White House officials says they are going to try and bring up the TPP trade deal in the lame duck session of Congress, a move that seems ill-advised and doomed to fail.  Yet President Obama wants this as part of his legacy, so he is going to push for it regardless.  Members of his own party, however, feel it might be better to wait until 2017. Some have suggested that a revised TPP push, as part of an overall trade reform plan that would also close some loopholes in NAFTA, might be a path forward.  In either case, agriculture has to be ready for a full court press.  Few issues are as important as trade for the sustained growth and profitability of U.S. agriculture.

Another case for putting TPP off to 2017 is the fact there are some key issues that need to be dealt with in the 2016 Congress. The proposal by the IRS to change estate tax laws that would make it harder for farms to be passed from one generation to the next is about as welcome as a screen door on a submarine.  We should be making it easier, not harder and more costly, for the next generation to take over the land. Farmers need to be speaking out on this and letting lawmakers know the IRS has to be stopped.

Also an issue that requires farmer attention is the HIT tax. This is a little-known part of the Affordable Care Act. It imposes a tax on anyone who buys their own health insurance coverage, such as farmers and small businesses.  Our sneaky lawmakers voted for this tax as a way of paying for the increased cost of the government bureaucracy caused by the ACA. This tax is charged to the insurance companies, who then pass it along to us. Congress postponed implementation of the tax until 2018 so it would become a campaign issue.  But unless something is done, farmers will soon get hit with HIT, and it is going to hurt.

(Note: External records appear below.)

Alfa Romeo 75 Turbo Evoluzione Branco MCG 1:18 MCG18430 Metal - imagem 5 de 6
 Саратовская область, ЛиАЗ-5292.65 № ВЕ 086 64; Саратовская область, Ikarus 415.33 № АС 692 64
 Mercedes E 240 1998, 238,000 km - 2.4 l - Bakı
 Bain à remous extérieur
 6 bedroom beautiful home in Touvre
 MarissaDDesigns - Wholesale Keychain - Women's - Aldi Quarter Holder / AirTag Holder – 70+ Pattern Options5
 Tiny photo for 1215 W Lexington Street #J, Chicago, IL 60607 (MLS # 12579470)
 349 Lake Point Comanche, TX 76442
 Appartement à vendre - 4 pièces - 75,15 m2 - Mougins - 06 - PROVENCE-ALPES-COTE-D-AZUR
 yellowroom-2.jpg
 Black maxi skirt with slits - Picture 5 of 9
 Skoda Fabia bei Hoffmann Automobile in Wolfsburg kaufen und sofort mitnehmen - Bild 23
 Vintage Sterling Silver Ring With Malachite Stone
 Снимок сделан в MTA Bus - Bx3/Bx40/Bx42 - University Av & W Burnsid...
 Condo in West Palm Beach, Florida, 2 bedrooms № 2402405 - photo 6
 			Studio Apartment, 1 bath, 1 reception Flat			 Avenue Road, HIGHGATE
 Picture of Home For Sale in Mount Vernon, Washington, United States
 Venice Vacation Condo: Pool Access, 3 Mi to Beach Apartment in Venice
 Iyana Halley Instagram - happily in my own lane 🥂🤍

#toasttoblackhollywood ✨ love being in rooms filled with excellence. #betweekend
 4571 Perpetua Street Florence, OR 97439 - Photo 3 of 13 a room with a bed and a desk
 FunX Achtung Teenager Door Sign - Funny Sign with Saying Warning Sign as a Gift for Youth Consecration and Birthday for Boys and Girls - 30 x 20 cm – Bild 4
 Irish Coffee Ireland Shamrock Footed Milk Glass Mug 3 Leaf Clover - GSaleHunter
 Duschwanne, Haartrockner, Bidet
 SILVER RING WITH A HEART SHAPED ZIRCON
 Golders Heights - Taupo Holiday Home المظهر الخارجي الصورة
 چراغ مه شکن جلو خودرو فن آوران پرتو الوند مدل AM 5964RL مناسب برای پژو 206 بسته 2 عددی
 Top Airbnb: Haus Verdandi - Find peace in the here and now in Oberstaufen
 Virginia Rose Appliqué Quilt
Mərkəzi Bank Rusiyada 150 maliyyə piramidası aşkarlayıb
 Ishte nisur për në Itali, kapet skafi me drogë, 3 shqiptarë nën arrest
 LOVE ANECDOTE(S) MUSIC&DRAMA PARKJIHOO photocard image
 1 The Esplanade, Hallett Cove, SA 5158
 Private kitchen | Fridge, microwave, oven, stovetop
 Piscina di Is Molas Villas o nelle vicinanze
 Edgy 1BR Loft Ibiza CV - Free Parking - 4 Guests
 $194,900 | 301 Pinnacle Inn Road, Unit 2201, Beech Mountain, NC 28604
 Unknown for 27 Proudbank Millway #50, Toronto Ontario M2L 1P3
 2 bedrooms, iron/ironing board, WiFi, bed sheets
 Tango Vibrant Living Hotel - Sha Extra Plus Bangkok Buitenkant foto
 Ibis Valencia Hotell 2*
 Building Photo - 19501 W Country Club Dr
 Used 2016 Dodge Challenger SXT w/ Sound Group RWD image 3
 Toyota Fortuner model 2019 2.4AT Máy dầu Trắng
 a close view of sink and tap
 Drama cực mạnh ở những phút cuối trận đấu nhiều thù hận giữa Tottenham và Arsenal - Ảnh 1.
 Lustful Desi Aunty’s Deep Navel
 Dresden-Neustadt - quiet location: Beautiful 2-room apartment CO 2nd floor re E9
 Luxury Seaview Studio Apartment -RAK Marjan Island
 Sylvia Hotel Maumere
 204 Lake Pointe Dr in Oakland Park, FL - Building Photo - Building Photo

Agriculture may be small in numbers, but can have a significant political impact — if we show up. If farmers write letters, make phone calls, talk to elected officials, or even go to Washington, we can make a difference.  While it may be out of our comfort zone and not what we would prefer to do, being involved in policy issues is critical for the future of agriculture. We cannot sit on the sidelines and watch. It is now time to get into the game.